Editorial: State's Public Colleges Can Take a Lesson from Private Schools on Holding Down Costs
The Grand Rapids Press - February 24, 2009
by The Grand Rapids Press Editorial Board
WHY IT MATTERS
Michigan can't afford to price its residents out of the higher education that is key to training a better workforce to fill high-tech jobs that can reverse the state's economic slide.
Michigan's 15 public universities could learn a thing or two from the financial belt-tightening taking place at Hope and Calvin colleges. Leaders at the private four-year schools in Holland and Grand Rapids have decided to freeze the salaries of all employees, including the presidents, in response to escalating costs that are making a college education increasingly unaffordable.
The pay freeze means faculty and staff on those campuses will share the pain with students. Hope is raising tuition 2.9 percent; Calvin by 3.8 percent in the fall. Both increases are smaller than last year's 4.7 percent at Hope and 6.9 percent at Calvin. It's an indication that trustees at the two schools are not oblivious to the concept of shared sacrifice.
The state's public universities typically don't make tuition decisions until June or July. Although Grand Valley State University last week approved a 3.8 percent increase in room and board rates for next fall, school officials said they have not made a decision regarding tuition. Last year, GVSU raised tuition a whopping 13 percent; Michigan State University's tuition increased 6.8 percent; U-M's went up 5.6 percent. Tuition increases at the other public universities ranged from 3.7 percent at Saginaw Valley State to 9.2 percent at Western Michigan University in Kalamazoo.
The average increase last fall at the state's public four-year universities was 7 percent. An increase that large this year would be unconscionable. Leaders at the state's public universities should use Hope and Calvin as a guide and do them one better by freezing tuition as well.
The burden of year-after-year tuition hikes -- which far exceeded the rate of inflation -- were bad enough during good economic times. Now, during the prolonged economic squeeze, annual tuition increases are becoming unbearable for some students and their parents.
College affordability is a problem nationwide, but especially so in Michigan. A report by the Michigan League for Human Services in Lansing found the average tuition in Michigan in 2007 was $8,508. The Midwest average was $7,374; nationwide, it was $6,185. Tuition at Michigan's 15 public four-year universities jumped 20 percent from fall 2005 to fall 2007. During the same period, Michigan's real median income fell nearly 2 percent.
In her State of the State address earlier this month, Gov. Jennifer Granholm, urged the state's public universities and community colleges to freeze tuition. She and almost everyone else recognizes that to get a good paying job today, at least some college or technical training is required. Affordability is vital if residents are going to get the education and training that's needed. The governor tied tuition restraint to additional money from funds expected in the federal stimulus package. Schools holding tuition in check would be rewarded. That is a temporary salve. What happens to tuition when the stimulus money dries up in two years?

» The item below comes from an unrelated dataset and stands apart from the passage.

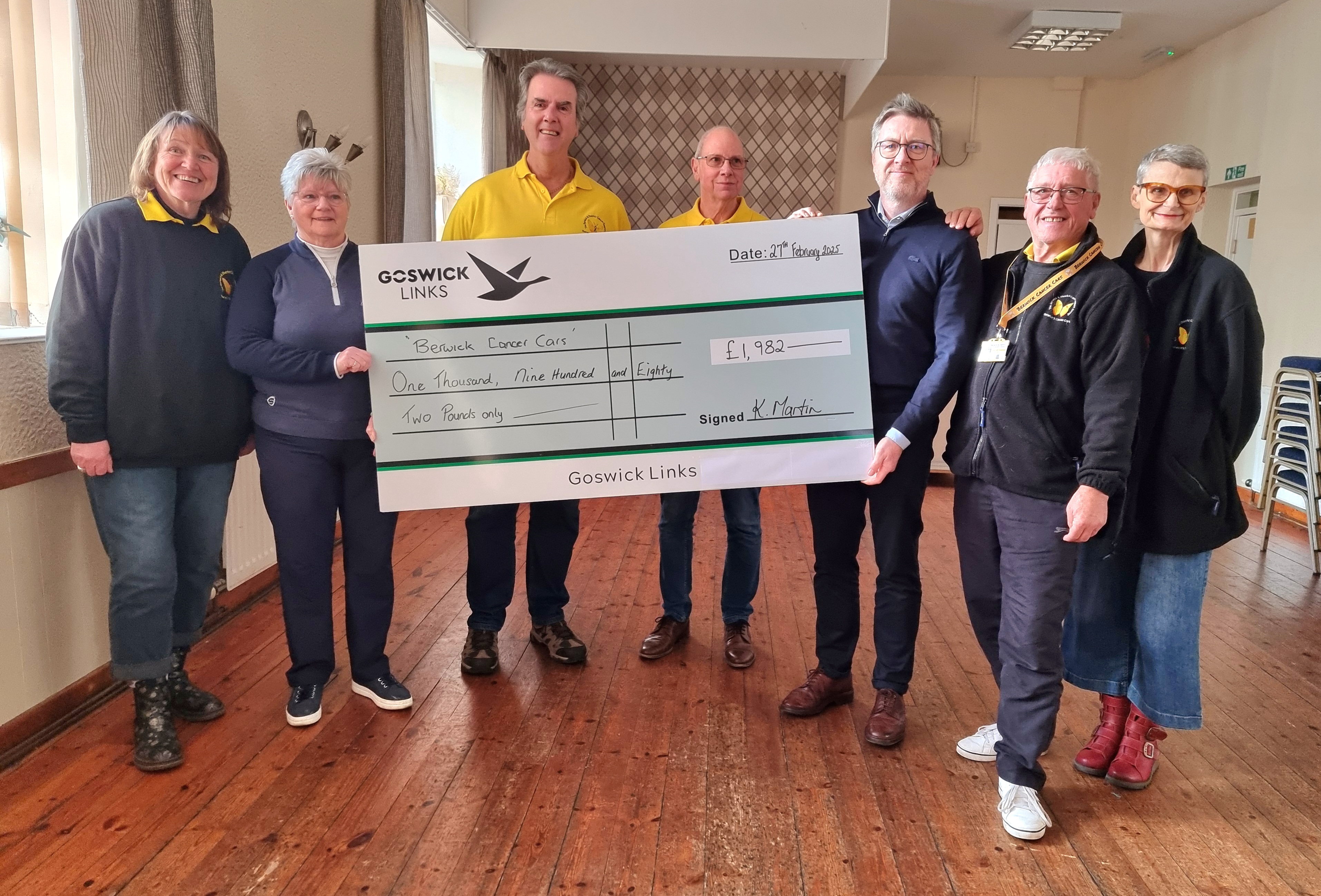 Goswick Golf Club donation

The governor and state lawmakers need to find a way to pour more funds into higher education. A report last year by the Pew Center said Michigan was one of just four states to spend more money on prisons than higher education.
By the same measure, the people running and overseeing Michigan's public universities ought to be able to come up with alternatives to yearly tuition hikes to fill budget holes. Any number of measures that other businesses employ to cope with difficult times, such as freezing or cutting salaries, reduced spending, trimming employee benefits, postponing building and other projects, must be viable options.

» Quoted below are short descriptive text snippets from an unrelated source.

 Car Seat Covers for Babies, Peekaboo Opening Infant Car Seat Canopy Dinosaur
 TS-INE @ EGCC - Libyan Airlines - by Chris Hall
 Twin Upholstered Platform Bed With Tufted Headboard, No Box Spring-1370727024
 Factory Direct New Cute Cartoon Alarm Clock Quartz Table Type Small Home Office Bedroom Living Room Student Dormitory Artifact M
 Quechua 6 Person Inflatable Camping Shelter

Educators are quick to note that a college degree translates into significantly higher earnings over an individual's lifetime. However, if you can't afford the initial cost of that degree, you won't have the chance to make it pay off.
The state's public universities exist to serve the people. Tuition costs that literally close college doors to some residents or saddle them with huge debts are not serving their purpose. Educators can't remain oblivious to that reality.